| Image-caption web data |
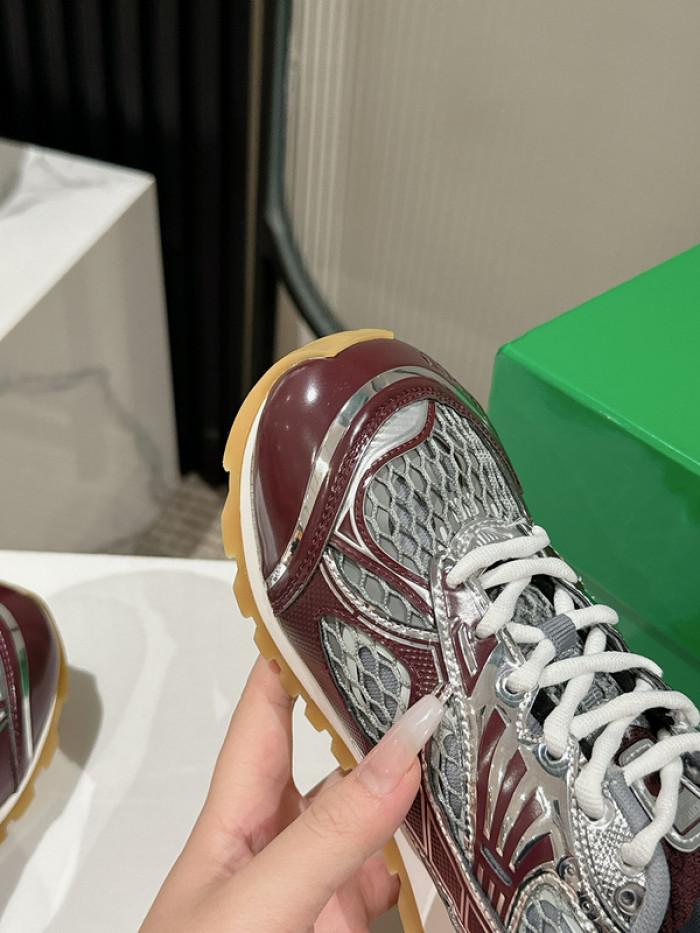 Bo*te*ga ve*ne*ta sneakers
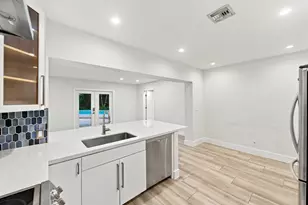 722 SW 16th Ct, Fort Lauderdale, FL 33315 - Photo 15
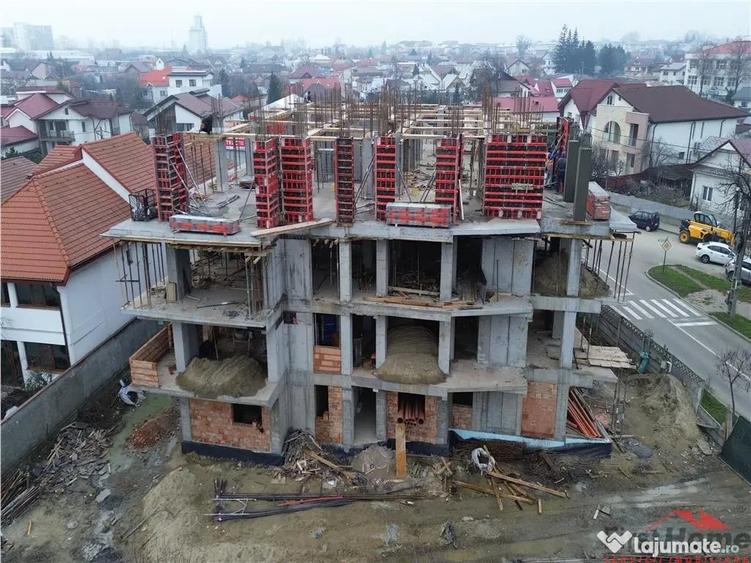 Garsonieră decomandată în Central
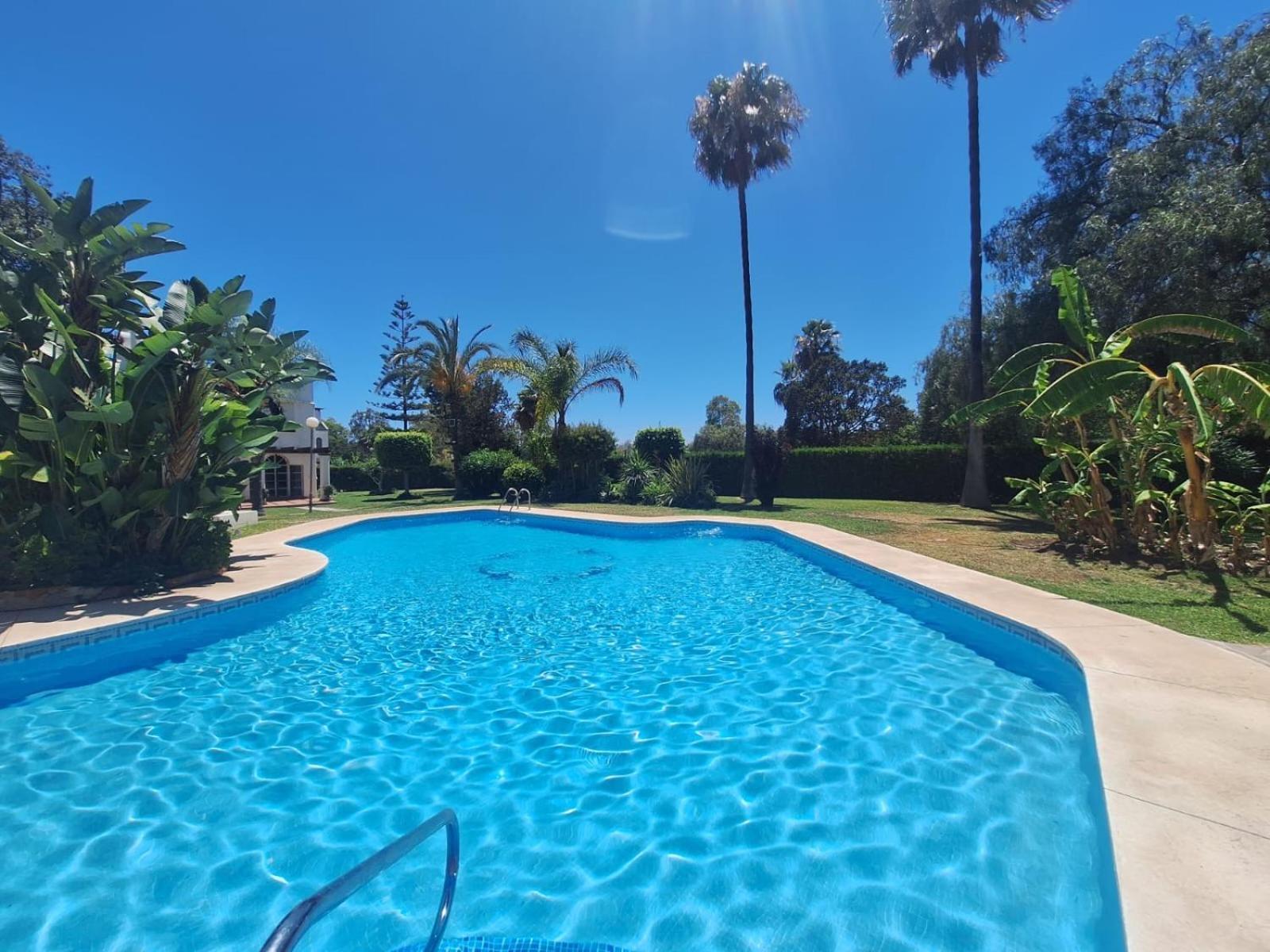 Sea Village Puerto Banus Golf Apartment Marbella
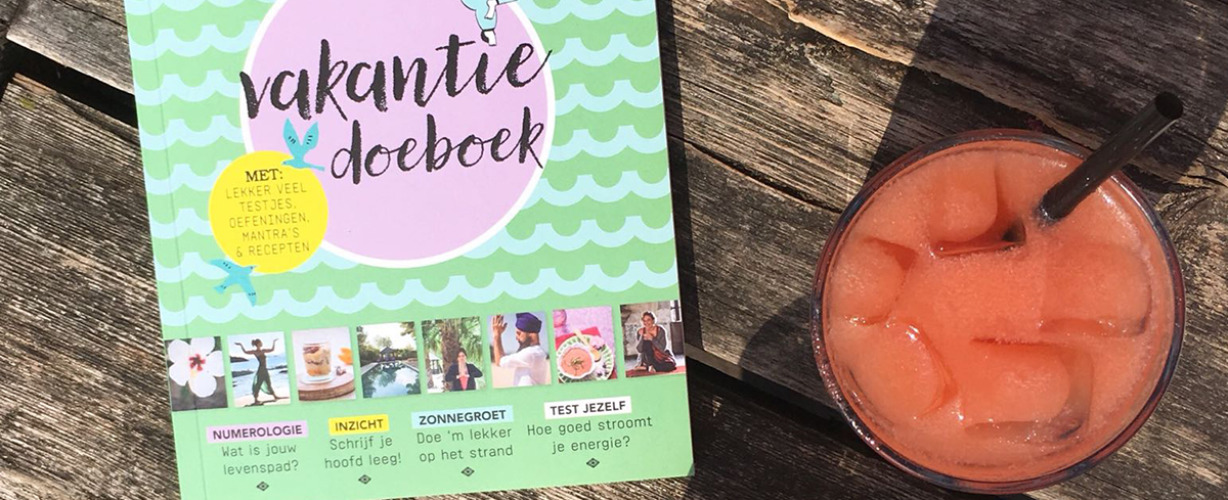 yoga vakantie doeboek
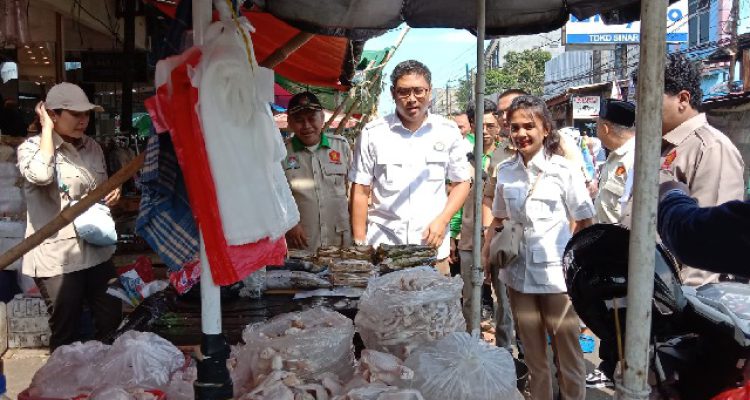 Dewan Pembina Papera Mas Dar Prabowo Pilihan Terbaik Bagi Pedagang Pasar Detik Merdeka 8mdNVuo3et
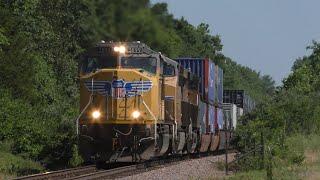 Union Pacific SD70M 3899 leads UP ILDSM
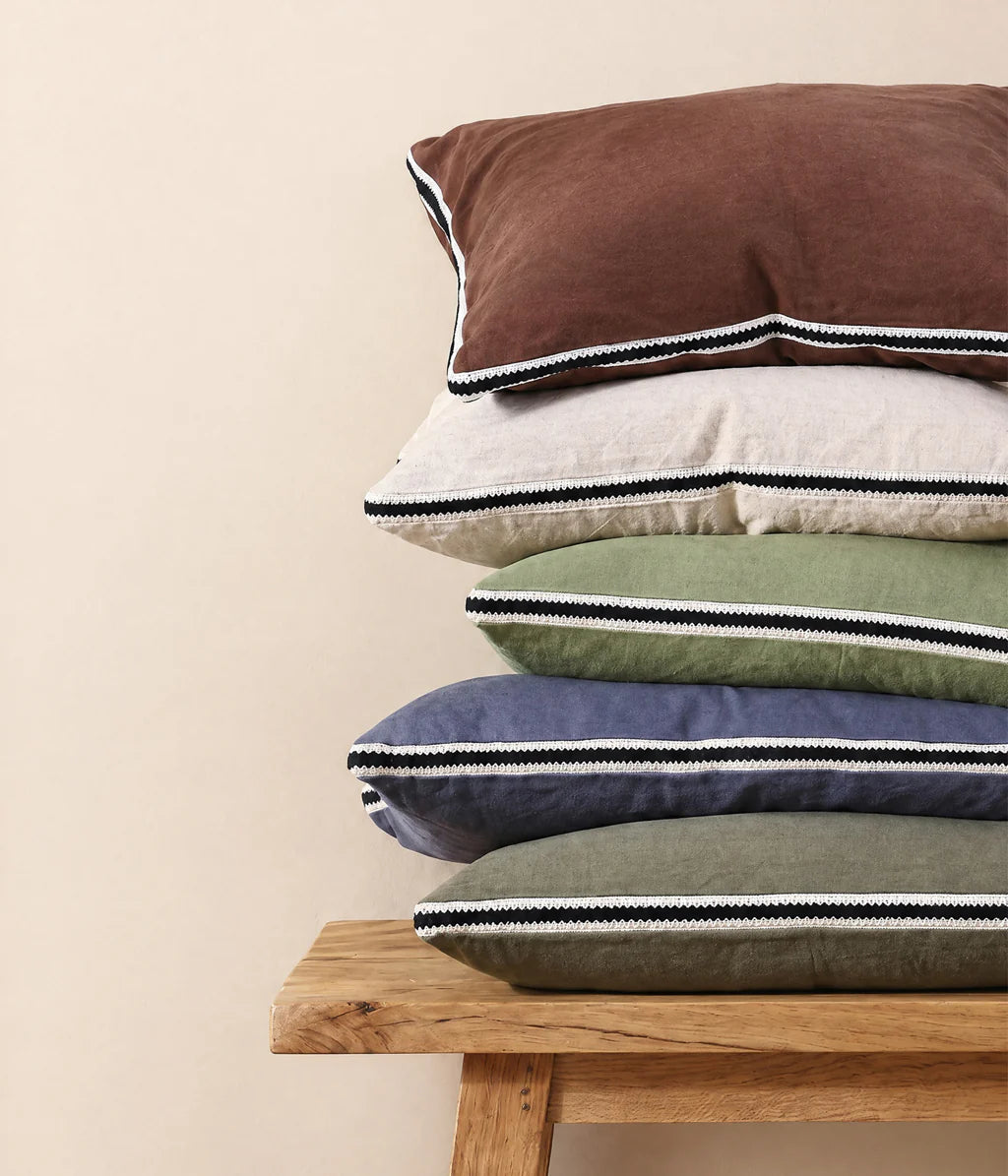 Linea cushion indigo 60x40 100% linen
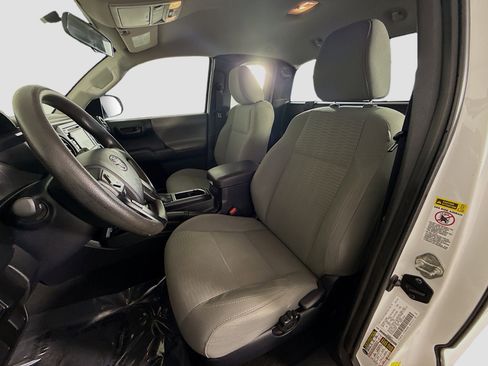 Used 2017 Toyota Tacoma SR image 21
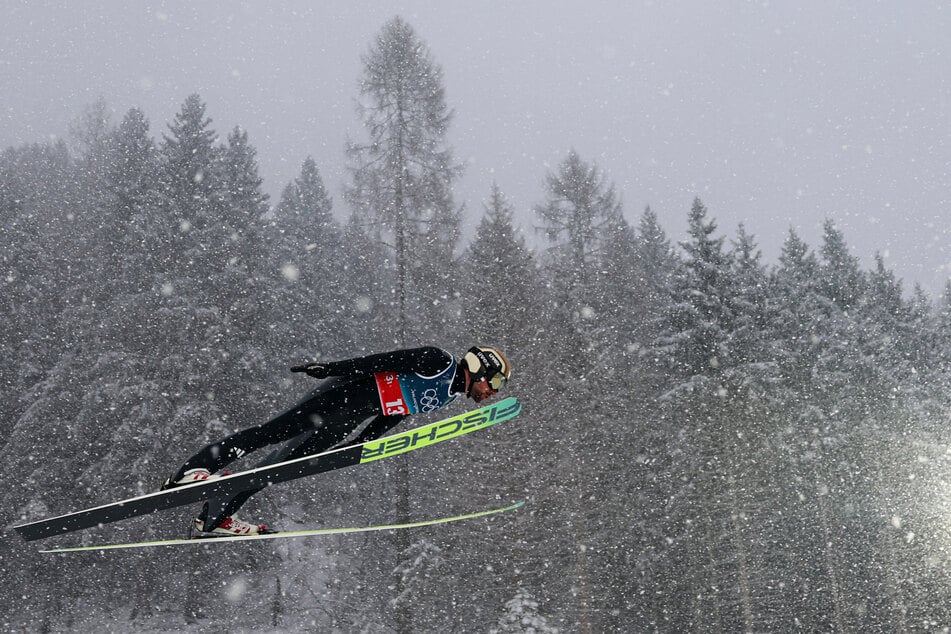 Johannes Rydzek lieferte beim Skispringen ab.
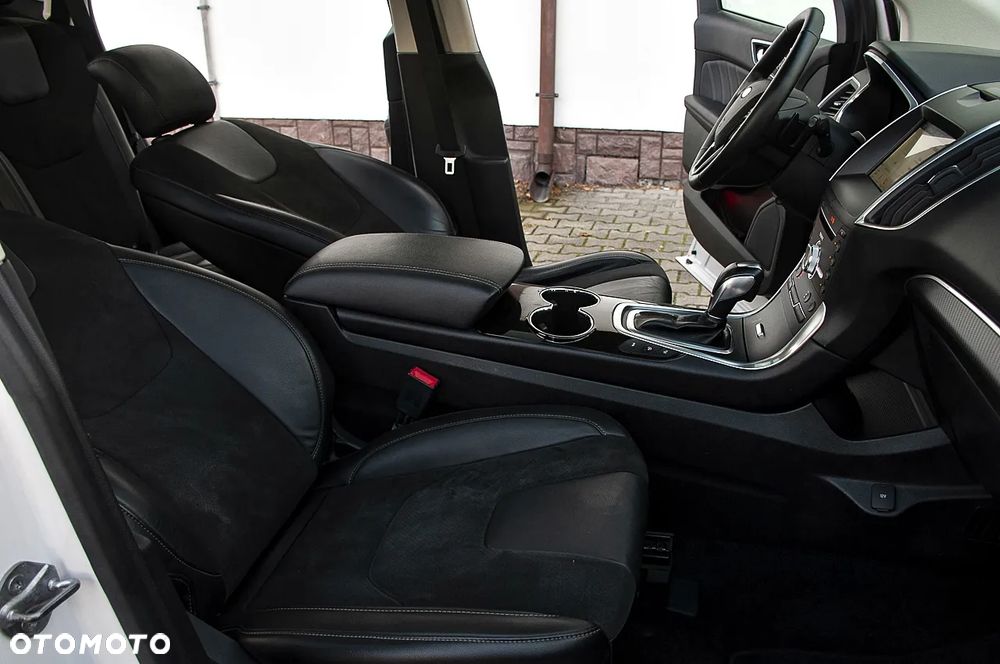 Ford Edge 2.0 TDCi Bi-Turbo 4x4 Sport - 25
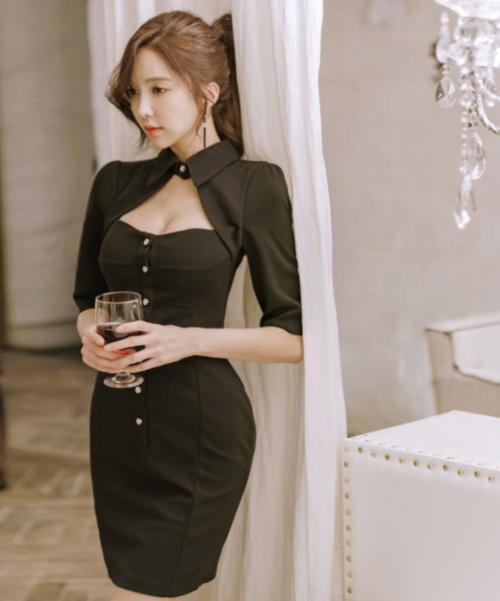 摩登个性的紧身裙美女，秀出青春姿态，让人一眼难忘！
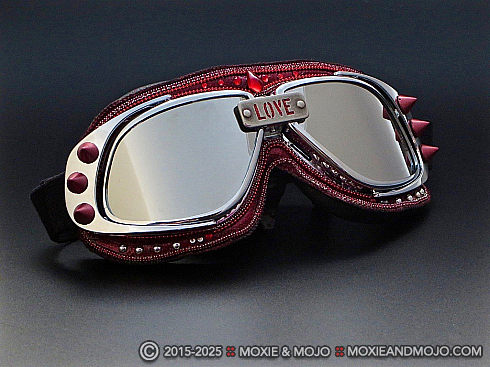 Moxie and Mojo Love Radiates Goggles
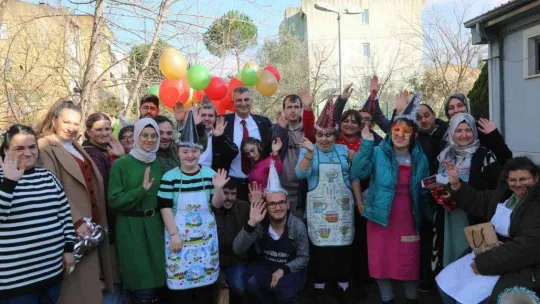 Özel bireyler kurabiye yapmanın heyecanını yaşadı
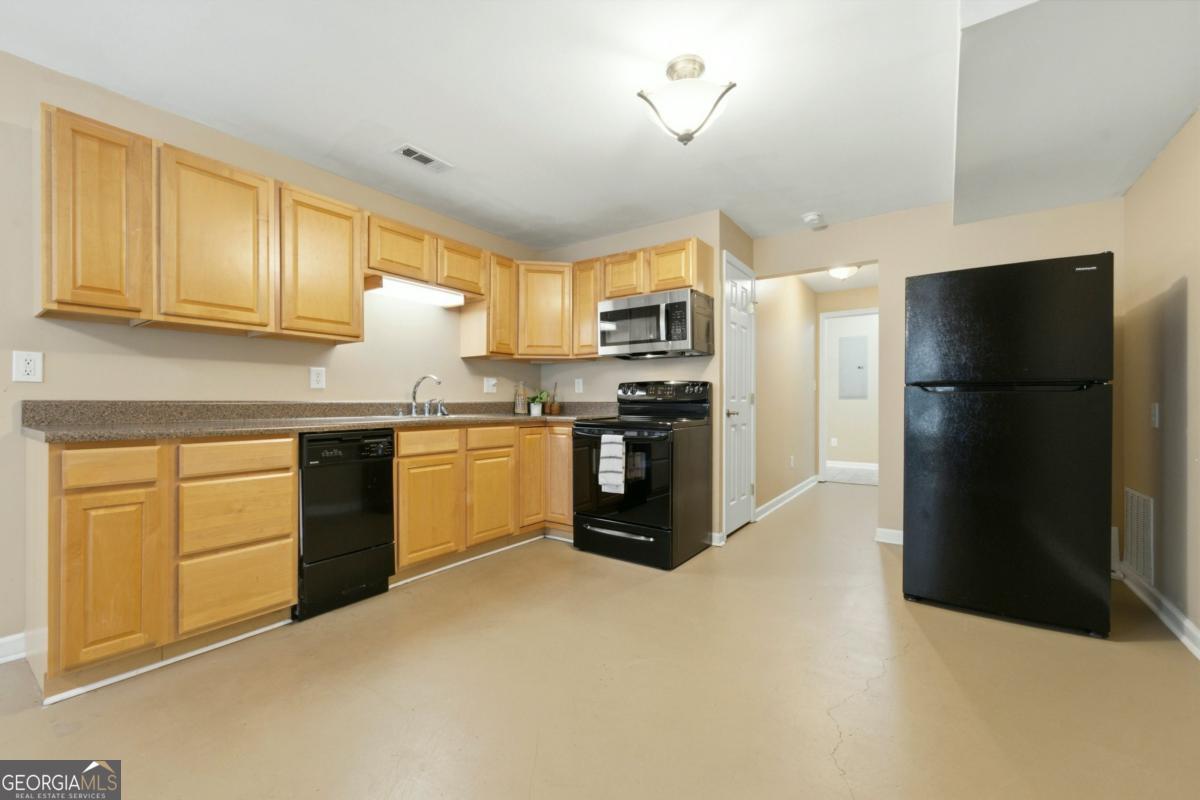 104 Courtland Circle Property Photo 45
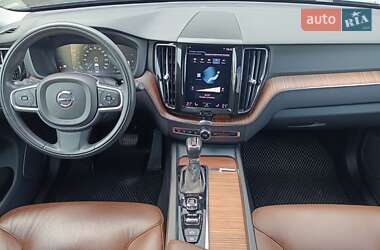 Внедорожник / Кроссовер Volvo XC60 2017 в 
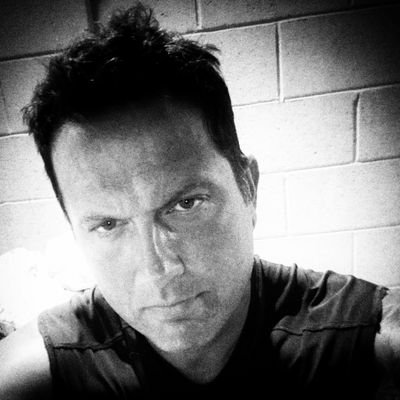 Profile Picture of Brad Welker (@STLSinger76) on Twitter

| DIRECTIONS FOR THIS TASK |
The entries need to be restated exactly, and their pictures left out.

| RESULT OF THIS TASK |
 Bo*te*ga ve*ne*ta sneakers
 722 SW 16th Ct, Fort Lauderdale, FL 33315 - Photo 15
 Garsonieră decomandată în Central
 Sea Village Puerto Banus Golf Apartment Marbella
 yoga vakantie doeboek
 Dewan Pembina Papera Mas Dar Prabowo Pilihan Terbaik Bagi Pedagang Pasar Detik Merdeka 8mdNVuo3et
 Union Pacific SD70M 3899 leads UP ILDSM
 Linea cushion indigo 60x40 100% linen
 Used 2017 Toyota Tacoma SR image 21
 Johannes Rydzek lieferte beim Skispringen ab.
 Ford Edge 2.0 TDCi Bi-Turbo 4x4 Sport - 25
 摩登个性的紧身裙美女，秀出青春姿态，让人一眼难忘！
 Moxie and Mojo Love Radiates Goggles
 Özel bireyler kurabiye yapmanın heyecanını yaşadı
 104 Courtland Circle Property Photo 45
 Внедорожник / Кроссовер Volvo XC60 2017 в 
 Profile Picture of Brad Welker (@STLSinger76) on Twitter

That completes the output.